ABE ICHIZOKU
Sog.: da una novella di Ogai Mori. Scen.: Hisatora Kumagai, Nobuo Adachi. F.: Hiroshi Suzuki. M.: Yoshitama Imaizumi. Mus.: Shiro Fukai. Int.: Chojuro Kawarasaki (Matajuro Emoto), Kan’emon Nakamura (Yagobei), Shizue Yamagishi (Toshi), Masako Tsutsumi (Osaki), Emitaro Ichikawa (Yaichiemon Abe), Kozaburo Tachibana (Gonbei), Shinzaburo Ichikawa (Ichitayu), Shimajiro Yamazaki (Gotayu). Prod.: Masanobu Takeyama per P.C.L. 35mm. D.: 105’. Bn.
Film Notes
Having won notice at Nikkatsu with such ambitious projects as the biopic Jonetsu no shijin Takuboku (Takuboku, Poet of Passion, 1936) and Sobo (Many People, 1937), about working-class emigrants to Brazil, director Hisatora Kumagai (1904-1986) moved to P.C.L. and directed his representative work with this important period film, which fully displays what Peter High described as “the ferocious passion he imprinted as his trademark on all his works”. Working with the Zenshin-za, he produced what critic Sadao Yamane hailed as a new kind of period film, revolutionary for its historical accuracy and detail.
The film is based on a novella by the novelist and Japanese army medical officer Ogai Mori, whose writings also furnished the plots for Shiro Toyoda’s Gan (Wild Geese, 1953) and Kenji Mizoguchi’s Sansho the Bailiff (1954). The original story was a response to the dramatic suicide in 1912 of General Nogi, who committed hara-kiri after the death of the Emperor Meiji. At this time, Ogai produced a number of historical narratives examining themes of loyalty and self-sacrifice.
Abe ichizoku tells of a retainer who commits hara-kiri in defiance of his lord’s command, and the tragic consequences of this act. Concentrating on the way in which bushido ideals shape the actions of the characters, the film, except for its action climax, is austerely ritualistic in style. The emphasis on dialogue and a dignified, restrained acting style play to the strengths of the Zenshin-za ensemble. The film problematizes the demands of the warrior code with its depiction of an incident that, Darrell William Davis writes, is “splendid for its poignancy or its absurdity”.
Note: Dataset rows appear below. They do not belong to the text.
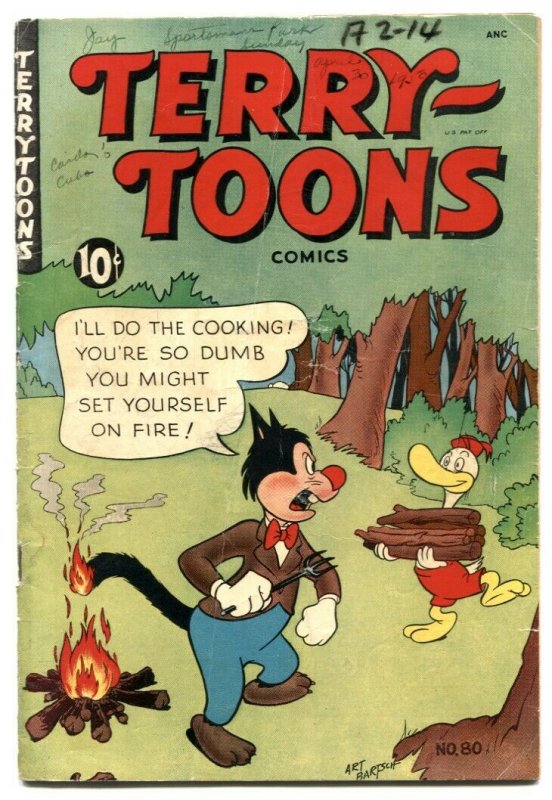 Terry-Toons #80 1950-Golden Age- Mighty Mouse VG-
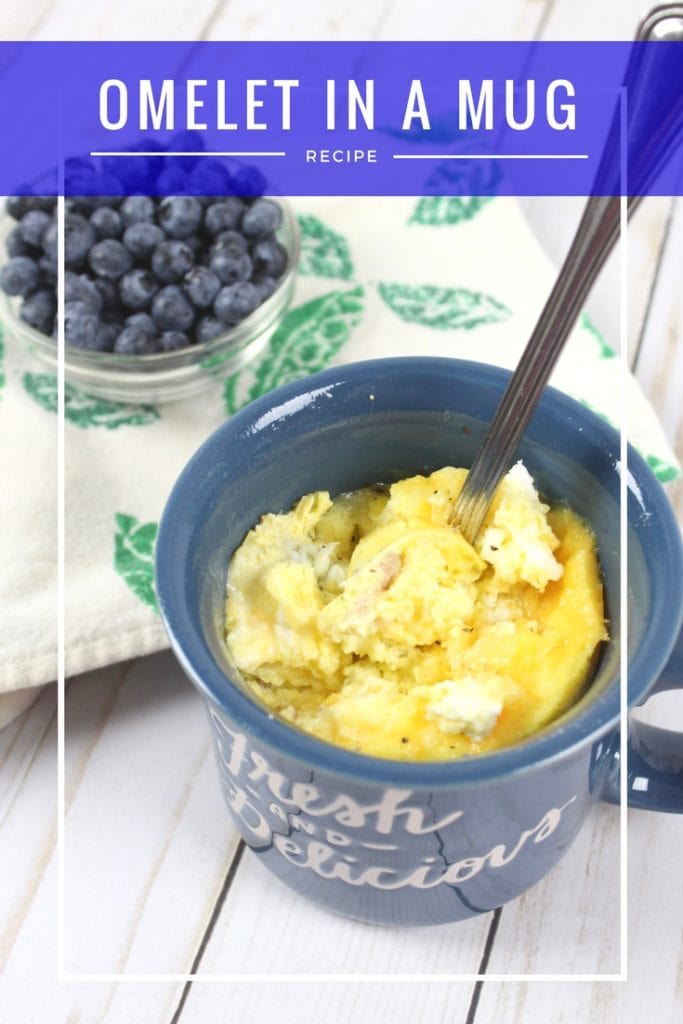 Easy Breakfast Recipe: Omelet in a Mug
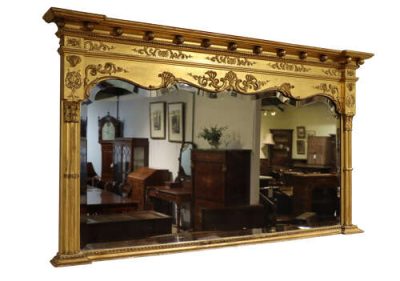 Victorian Overmantel Gilt Mirror - circa 1900 - Image 2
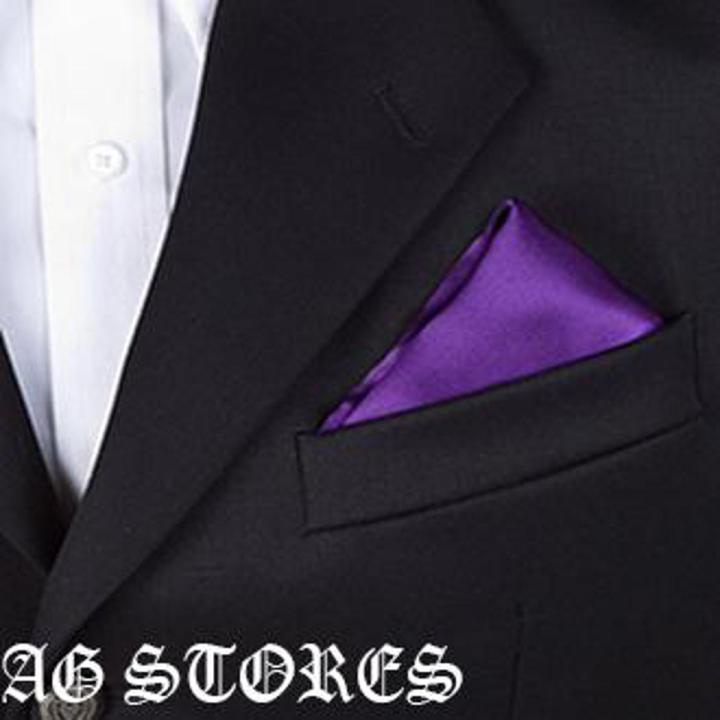 Royal purple pocket square(Handkerchief) for Men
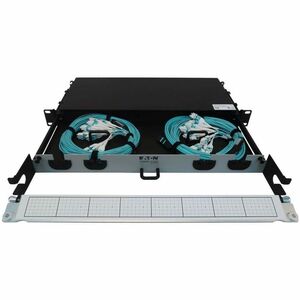 Tripp Lite series N48M-2M24L12-10Network Patch Panel - Aqua - 12 x Duplex - 1U High - 19" Wide - Rack-mountable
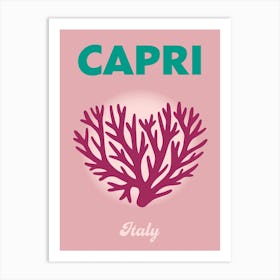 Capri Italy Travel Print Art Print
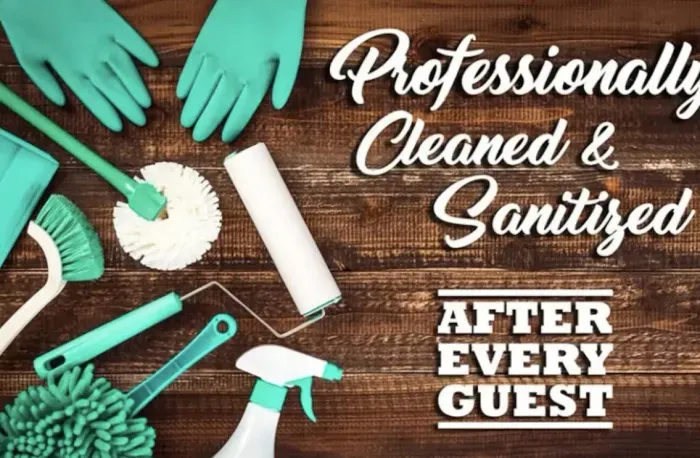 Our condo is professionally cleaned following CDC guidelines after every guest.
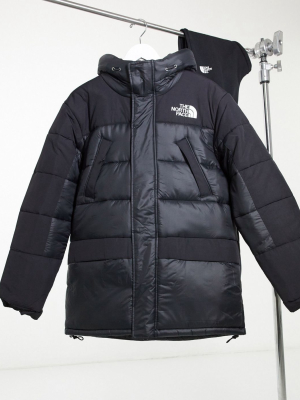 The North Face Himalayan Insulated Parka Jacket In Black
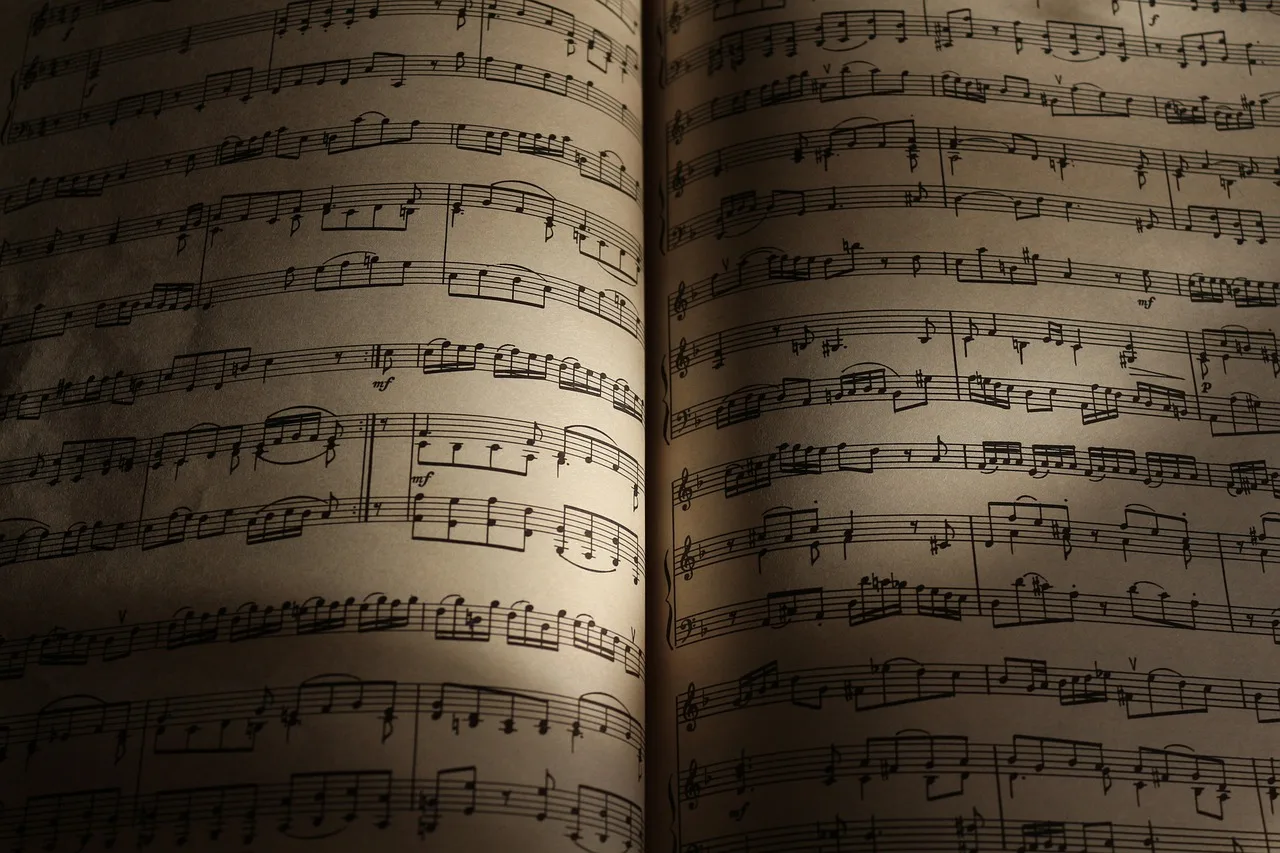 Müzik notası sayfası - vintage kağıt stili Müzik notası sayfası - vintage kağıt stili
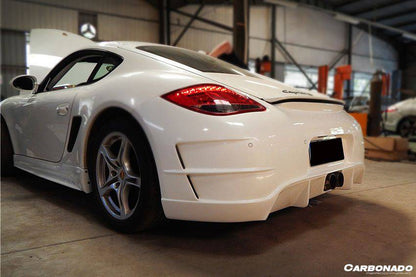Parachoques trasero estilo Porsche Cayman 987 TA2 Carbonado 2009-2012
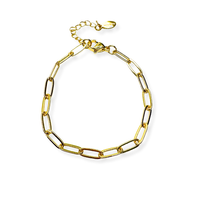 Paperclip Charm Bracelet: Large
Nationalist critic Tsutomu Sawamura praised the film ecstatically, writing that “Kumagai has thrown a bomb into the sluggish Japanese film world, blowing open a hole for fresh breezes to enter”. Kumagai went on to direct some unambiguously pro-militarist films from scripts by Sawamura, before leaving the industry to found and lead the Sumera-juku Association, a semi-religious nationalist organisation, where he formed the patriotic theatre troupe Taiyo-za. In postwar cinema he worked as independent producer and directed a few more films in the mid- to late-1950s. His other contribution to Japanese film history was introducing his sister-in-law, Setsuko Hara, to the world of film.